1970 year-end chart performance for "Paranoid"
| Chart (1970) | Position |
|---|---|
| Netherlands (Dutch Top 40) | 9 |

2025 year-end chart performance for "Paranoid"
| Chart (2025) | Position |
|---|---|
| US Hot Rock & Alternative Songs (Billboard) | 78 |

==Certifications==

| Region | Certification | Certified units/sales |
| Denmark (IFPI Danmark) | Platinum | 90,000^{‡} |
| Germany (BVMI) | Platinum | 600,000^{‡} |
| Italy (FIMI) | Platinum | 50,000^{‡} |
| New Zealand (RMNZ) | 4× Platinum | 120,000^{‡} |
| Poland (ZPAV) | Gold | 25,000^{‡} |
| Portugal (AFP) | 2× Platinum | 50,000^{‡} |
| Spain (Promusicae) | Gold | 30,000^{‡} |
| United Kingdom (BPI) | Platinum | 600,000^{‡} |
Streaming
| Greece (IFPI Greece) | Platinum | 2,000,000^{†} |
^{‡} Sales+streaming figures based on certification alone. ^{†} Streaming-only figures based on certification alone.

==Cover versions==
=== Cindy & Bert version ===
In 1971, German schlager vocal duo Cindy & Bert covered the song with lyrics based on Arthur Conan Doyle's The Hound of the Baskervilles as "Der Hund von Baskerville". The unlikely cover version with a heavy Hammond organ, featured in a TV show with a tiny Pekingese dog standing in as "hound" and dancers getting ushered back to their seats, has become a collector's curiosity and a document of 1971 zeitgeist.

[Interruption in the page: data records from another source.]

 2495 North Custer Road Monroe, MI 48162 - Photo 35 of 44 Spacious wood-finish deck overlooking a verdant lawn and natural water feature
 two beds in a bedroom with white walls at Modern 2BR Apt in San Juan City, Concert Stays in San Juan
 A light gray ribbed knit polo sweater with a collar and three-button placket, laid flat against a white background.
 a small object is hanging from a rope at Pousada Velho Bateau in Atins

=== The Dickies version ===
American punk rock group the Dickies covered the song for their debut album The Incredible Shrinking Dickies (1979). Released as single, it charted at No. 45 in the UK.

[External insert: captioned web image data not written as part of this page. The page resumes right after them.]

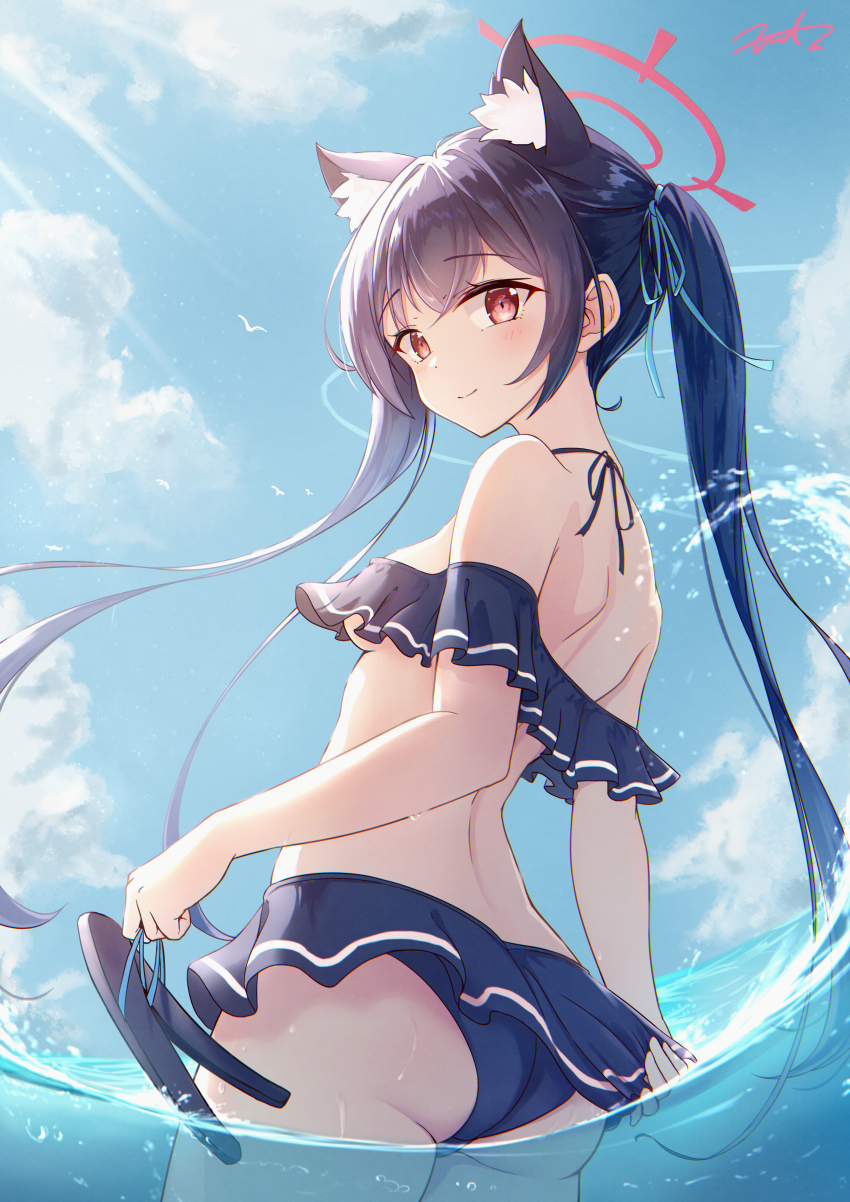 1girl absurdres animal_ears ass bare_shoulders bikini bikini_tug black_hair blue_archive blue_bikini blue_ribbon blue_sky breasts cat_ears cat_girl closed_mouth cloud commentary cowboy_shot day extra_ears frilled_bikini frills fritz614 from_behind hair_ribbon halo halterneck highres holding holding_sandals holding_unworn_clothes long_hair looking_at_viewer looking_back ocean off-shoulder_bikini off_shoulder official_alternate_costume outdoors partially_underwater_shot red_eyes red_halo ribbon sandals serika_(blue_archive) serika_(swimsuit)_(blue_archive) signature sky small_breasts smile solo standing sunlight swimsuit twintails very_long_hair wading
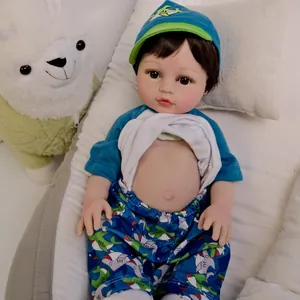 Realistic 18-inch reborn baby doll in shark outfit lying in a cozy cradle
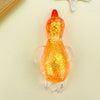 An orange, glittery duck squeeze toy with a red beak and white feet resting on a light background.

=== Type O Negative version ===
American gothic metal band Type O Negative covered the song for the remastered 1994 reissue of their second album, The Origin of the Feces. Running for 7 minutes and 20 seconds, the cover features a slower, more extended arrangement than the original and incorporates a section of Black Sabbath's Iron Man midway through the song.

=== Megadeth version ===
Megadeth's cover of "Paranoid" for the tribute album Nativity in Black: A Tribute to Black Sabbath received a Grammy nomination in 1995 for 'Best Metal Performance'. This track also famously ends with drummer Nick Menza forgetting to end the song and continuing to play as Dave Mustaine repeatedly yells his name.

=== Weezer version ===
In 2019, American rock band Weezer released a cover version of "Paranoid" for their twelfth studio album, Weezer (also known as the Teal album). Rhythm guitarist Brian Bell handles the lead vocals instead of frontman Rivers Cuomo.

==Legacy==
- On 5 July 2025, Ozzy Osbourne and Black Sabbath held their final live performance titled Back to the Beginning. "Paranoid" was the final song that they performed. Osbourne died 17 days after the concert at the age of 76.
- The Band of the Coldstream Guards performed the song in tribute to Osbourne during the Changing of the Guards ceremony at Buckingham Palace, London on the day of Osbourne's funeral procession at Aston, Birmingham on 30 July.

==Popular culture==
- In Finland, "Paranoid" has the same status as Lynyrd Skynyrd's "Free Bird" in the United States as a song the audience finds humorous to request during a concert. So regardless of a band or the style of music in question, somebody may shout "Soittakaa 'Paranoid'!" ("Play 'Paranoid'!") during a gig.